Lol. What? Just back away.
I'm guessing such a mic would be designed to attenuate the low mids, like an SM57 that is optimized for close micing. Problem is, you're stuck with that attenuation. For home recording, why not just back away as Greg_L said?
It shouldn't sound especially thin or weird, but you wont get pronounced bass up close.
If that's a feature you normally make use of then you'll want to stick with a conventional cardioid mic.
I have an re11 that I've literally never used. I'll check it out tomorrow if I get time.
It's a well respected mic. I went buck-daft buying electrovoice mics a few years ago and never use any of them.
I bought an old tape recorder on ebay because I spied that electrovoice/battleship grey in the background of the picture.
It turned out to be 4 (unmentioned) mint do54s. I sold the tape player on it's for more than I paid and kept the mics.
I did a 'live vocal mics test' for a few friends last week looking to pick one out they liked (in their house w/ pa etc- acoustic electric so not a loud band.those re-11s have doubled in price in just a few years i think it's message boards like this. i got mine years ago cheap and now they sell for like $100 each.
i really love the re-11 but it wasn't working for me tonight.
Another perspective,,
For 'live in the studio, or just a good all rounder for many recording things, the RE-20's are my flat out go-to's. It works very well in that it's fairly neutral -which means ok for most voices**, can work up on (good for isolation) or off a bit w/o the tone getting too weird or changing much like most mics.

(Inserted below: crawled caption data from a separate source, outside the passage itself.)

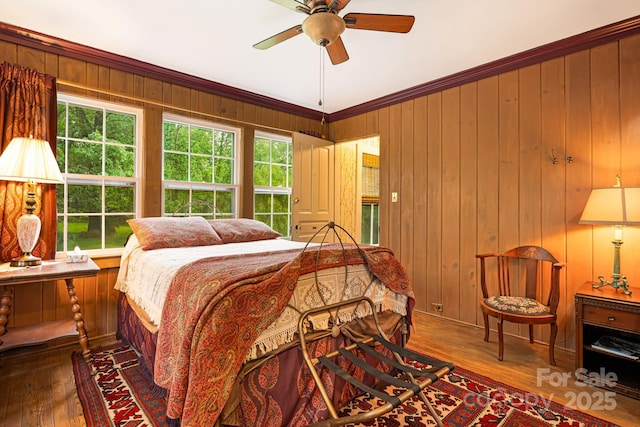 1186 US-70 Hwy, Black Mountain, NC 28711 - bedroom featuring hardwood / wood-style floors, crown molding, wood walls, and a ceiling fan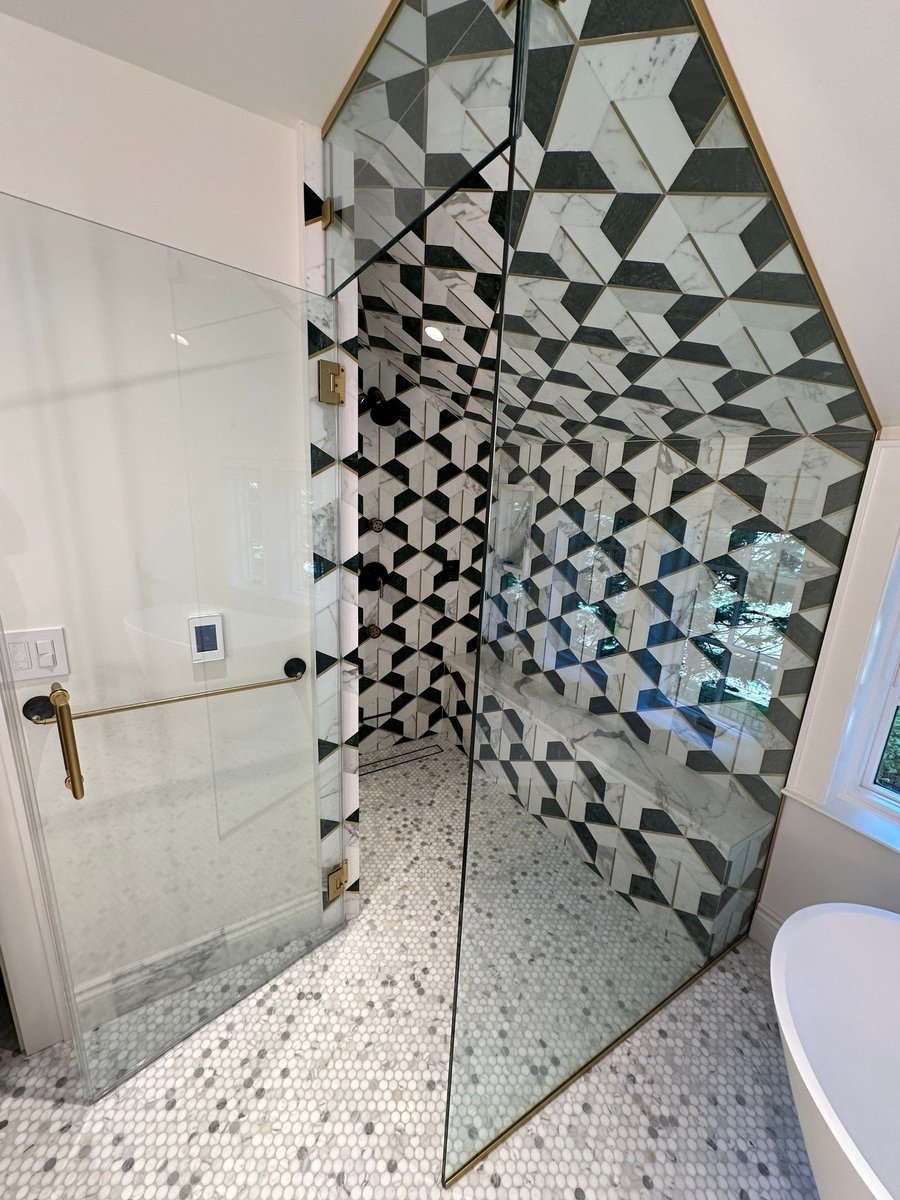 glass shower doors with brass hardware and patterned tile by modo renovations in rye ny home remodel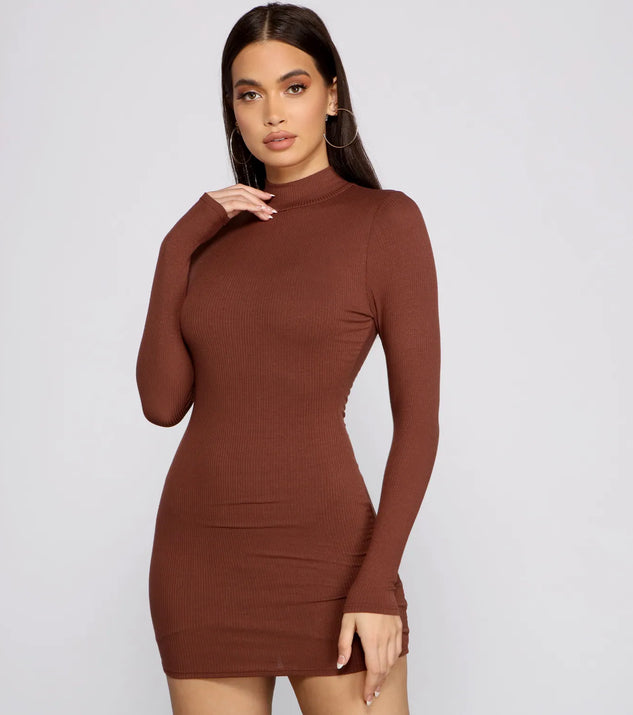 The Basic Ribbed Knit Long Sleeve Mini Dress is a mini dress that will make a statement with its short hemline and on-trend details to have you ready for any event!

For my vocal 'live gig experience -RE16, it was ok, but I went back to normal mics (currently 767, 967, or OM5's).
I hate the over blown low freq crap that can be had (often heard) of these typical type live voc mics, but that can be mitigated by simply setting sensible pa/tone balancing. So for me that was the full circle- have the proximity effect, but keep the low end in check.
**..no mic is 'great' for all voices.
The RE20 has a bit of odd top 'crinkle tone to it (8k or so?), but not the typical 5-6k peaky' rise of a lot of mics.
So that's how AKG did that! I was aware of some of theirs having dual caps but didn't get that one was set back- or for that reason.For a mic. without proximity effect - use an omni, they don't have any proximity effect.
The cardioid AKG D202, D222 and D224 had virtually no proximity effect - they had a separate capsule for the bass and rear entry slots and the bass capsule was so far away from the source there was almost no proximity effect.